Wheeler-Feynman absorber theory (a.k.a. Wheeler-Feynman time-symmetric theory): In layperson terms, imagine you push on a wall. However, the wall can sense that you are going to push on it, and so it pushes you before you even start to push it, thereby canceling out any force you exert. Mathematically speaking, it means that the results of the electromagnetic field equations must not change even in time-reversal conversions. Paul Halpern, a professor of physics at the University of the Sciences in Philadelphia and the author of The Quantum Labyrinth, describes it as tying one end of a clothesline to a rocking chair and the other end to a wall. Once the chair begins to rock, a signal will go from the chair to the wall and back to the chair to hinder its movement. Now, consider that the wall sends an “advanced” signal through the clotheslines to the chair backward in time to strike the chair the very instant the chair starts rocking. These forward and backward signals help to define the Wheeler-Feynman absorber theory.
The first Halpern book I read was in 1994 during my undergrad years studying physics and chemistry. Finding a deeper love for science, I consumed stacks of books during my first free summer when I came across Halpern’s book Time Journeys. For the first time in all of my studies, I understood the whole of science. It felt like all the puzzle pieces in my brain finally clicked. My head was in the clouds, immersed with a deeper understanding of how science, history, and philosophy all intertwined.
Years later, I read Halpern’s Einstein’s Dice and Schrodinger’s Cat, a story about the camaraderie and competition between Einstein and Schrodinger, their histories and their combined and individual quests to find Unified Field Theory.
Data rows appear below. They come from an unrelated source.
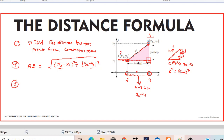Now for the vertical line: extending towards it, this distance is y1 and this distance is y2. Using the same approach, if you want to find this vertical length, you can find it easily by subtracting y2 and y1. So this vertical length is y2 minus y1.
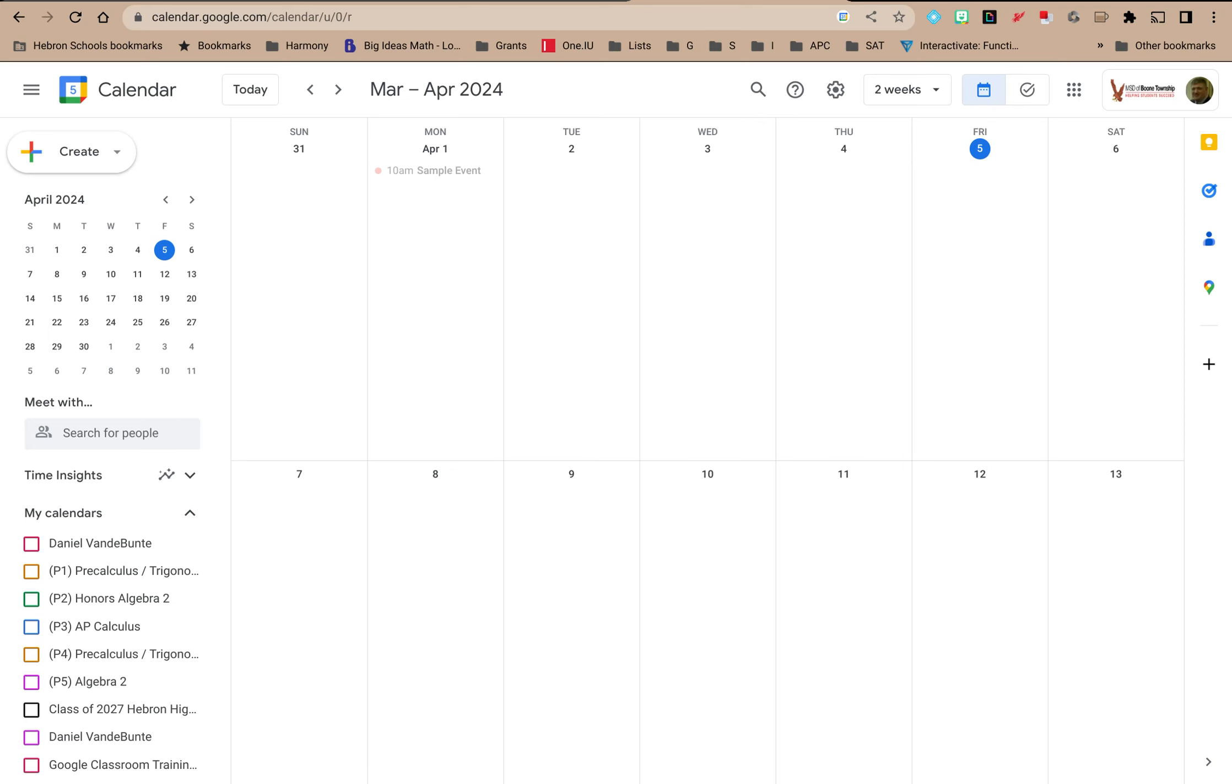Welcome to LowKeyPD. In this tutorial I'm going to show you how to access and update some of the settings for a calendar in Google Calendar.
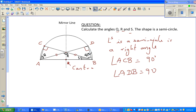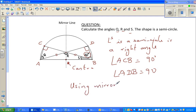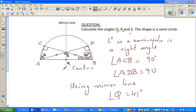We have angle 41 degrees here. Because this is the mirror line — imagine this is a piece of paper, a semicircle piece of paper, and if you fold it, angle 41 will overlap onto angle Q. The mirror line is also called a line of symmetry. So angle Q equals 41 degrees, because these two are reflections of each other.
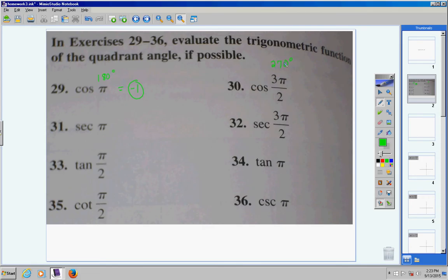Cosine of 3π over 2. Now, if you convert 3π over 2 to degrees, you'll get 270. You should know whether or not your calculator is in degrees or radians. Mine is in degrees, so I'm going to type in cosine of 270 and get 0. So, the cosine of 270 is 0.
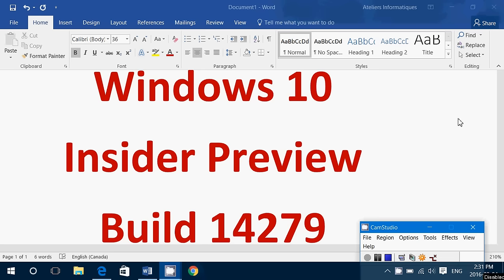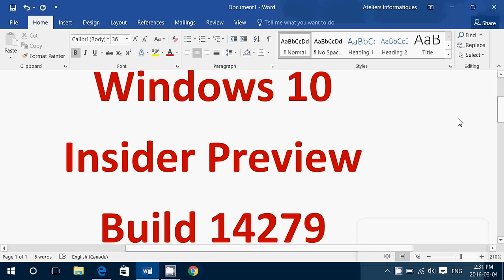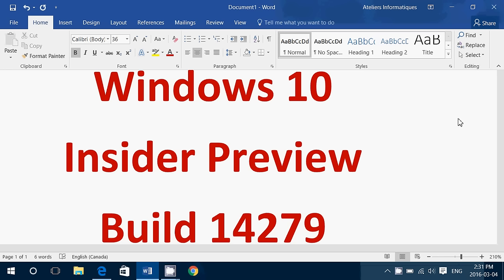Welcome to this Windows channel and this is a little video to let everyone know that Windows 10 Insider Preview build 14279 is now available for download.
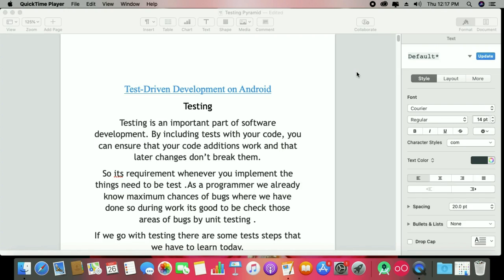Hi, this is Vishal. I'm making this series on TDD but in Kotlin — test-driven development. Please watch my Java series where I've defined everything: what is TDD, what is testing. For the theory part you have to study from there, and for the Kotlin part I'm making this video based on many users' requests who want TDD in Kotlin as well.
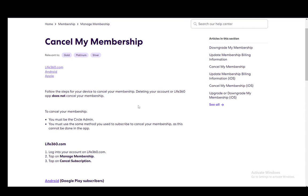Hey everybody, what is going on? I hope you guys are all doing well and welcome to another tutorial video. In this video, I'll be showing you how to cancel your membership on Life360, so let's get right into it.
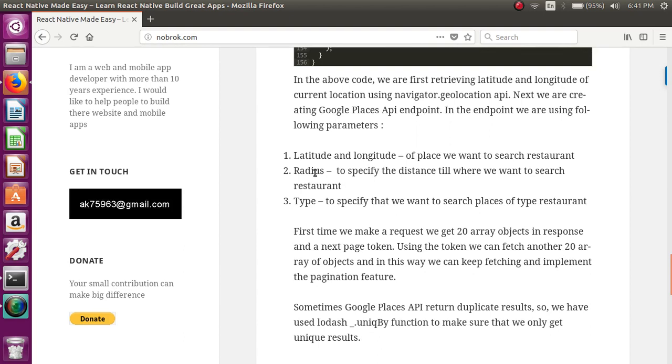...that is, till where we want the restaurants to be fetched, how much distance. And the third is the type, so we have to specify that we want restaurant type of places, so only restaurants will be fetched and other places won't be in the list.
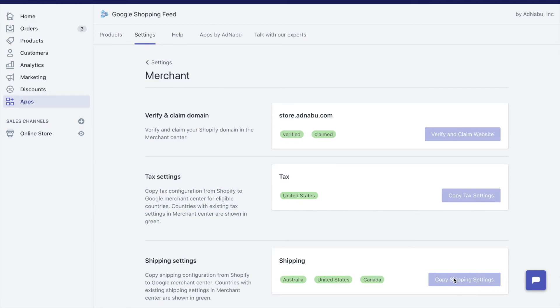If you click on that button, all the shipping settings that you created in Shopify will be copied to Google Merchant Center, which will help you get your products approved.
Once again, swept up in the story of two great physicists, the puzzle pieces fit together perfectly, as Halpern’s logical explanations in physics were comprehensible.
This year, I read The Quantum Labyrinth. Once more, Halpern did not disappoint, as the puzzle pieces came together.
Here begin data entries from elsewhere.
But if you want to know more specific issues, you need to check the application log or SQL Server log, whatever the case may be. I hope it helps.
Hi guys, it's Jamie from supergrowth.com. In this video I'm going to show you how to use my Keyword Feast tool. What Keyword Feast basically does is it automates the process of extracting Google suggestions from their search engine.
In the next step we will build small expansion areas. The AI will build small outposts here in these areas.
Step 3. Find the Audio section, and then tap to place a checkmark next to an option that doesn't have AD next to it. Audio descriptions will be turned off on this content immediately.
The Quantum Labyrinth is an outstanding story about the pairing of Princeton’s Professor John Wheeler and Richard Feynman, who was initially supposed to be Professor Eugene Wigner’s assistant. However, the story is not just about two brilliant physicists; it is an intertwining of their biographies that includes the backstories of their thought processes, the foundations of their philosophies, and the catalysts to their future developments. Halpern eloquently imparts the complexity of physics in such simple and understandable terms while introducing us to these two profound physicists.
The depth of research that Halpern put into The Quantum Labyrinth provides paragraphs of fantastic information for physics hobbyists, well-read scientists, erudite historians, and curious mathematicians. The book takes the reader through the history of physics and into the lives of each person who, in some way, contributed to Feynman’s and Wheeler’s discoveries. As a result, Halpern gives a respectful nod to the extensive works of many scientists some of whom include Albert Einstein, John von Neumann, Robert Oppenheimer, Niels Bohr, Paul Dirac, Kip Thorne, Charles Misner, and Freeman Dyson.
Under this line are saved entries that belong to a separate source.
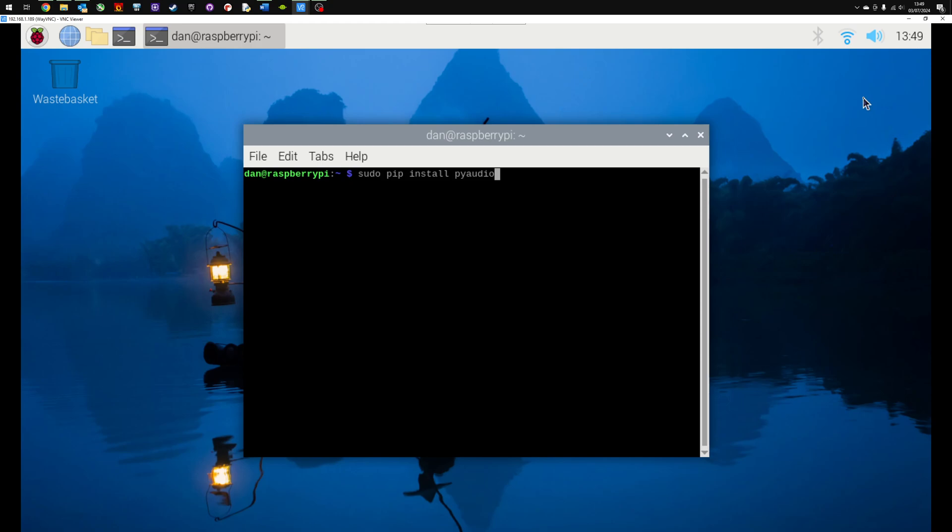then when you try to install software using pip, you get an error message. So here I am trying to install PyAudio. I've got sudo pip install PyAudio, which is the standard installation command. I press enter.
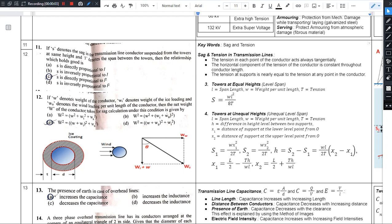Hello there. Welcome to this video on the TSNPDCL Sub-Engineer Question Paper keyword analysis. In this video, we will go through exam questions from the TSS PDCL Sub-Engineer Exam.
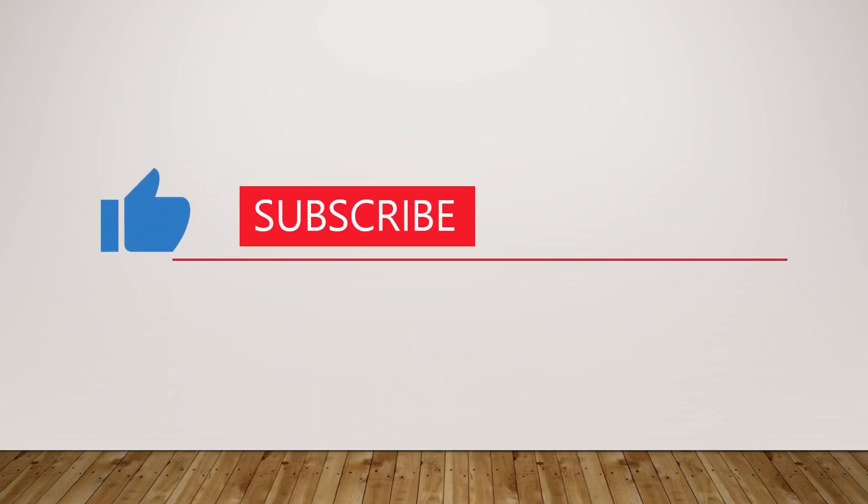If you liked the video, consider hitting the like button and subscribe and share. And don't forget to click on the bell icon to get new video notifications.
With these historical gestures, for the layperson, Halpern perfectly clarifies many concepts in physics that one might not otherwise understand. For the hobbyist, Halpern makes topics like Einsteinian dynamics, quantum electrodynamics, positronium atoms, and even the Wheeler-Feynman absorber theory easy to understand. Further, Halpern not only simplifies these difficult concepts, but uses these descriptive lessons as effective transitions while he tells the unique stories of Feynman and Wheeler. In addition to their brilliant theories, Halpern includes their insightful observations, some of which involve flying plates, extremes in theories, and their mutual disdain for pseudoscience.
Though the depth of research, historical recounts, and clarity in physics is more than enough to make this a fantastic book, The Quantum Labyrinth thoughtfully embraces the relationship between Wheeler and Feynman and impeccably grasps their unique characters. Without any elaboration necessary, Halpern enlightens their greatest qualities that defined who they were to the core. By doing so, Halpern cultivates reader compassion while carefully walking around Feynman’s womanizing qualities and Wheeler’s duty as a scientist in weapons development.
Thus, in reverence for the work that these two brilliant scientists created, Halpern emphasizes their greatest intellectual accomplishments while highlighting their struggles with personal loss and moral ruminations. Halpern writes about Feynman’s emotional valleys and peaks as with the loss of his first wife and his comeback to mental acuity, and he guides us into Wheeler’s world where we come to understand his war duties and comprehend the extent of his hypothetical constructions.
I cannot recommend this book enough. Halpern writes with a style and elocution that expressively connects the discovery of science and depth of history to the profoundly human characteristics of Wheeler and Feynman, all to conclude with a very poignant, philosophical view on the whole of physics. The puzzle pieces click together, once again, to construct a landscape of science, history, philosophy, and humanity. To conclude, The Quantum Labyrinth is not only an exemplary contribution to scientific biographical literature, but it is also a perfect dedication to two of the most valuable scientists of the 20th century.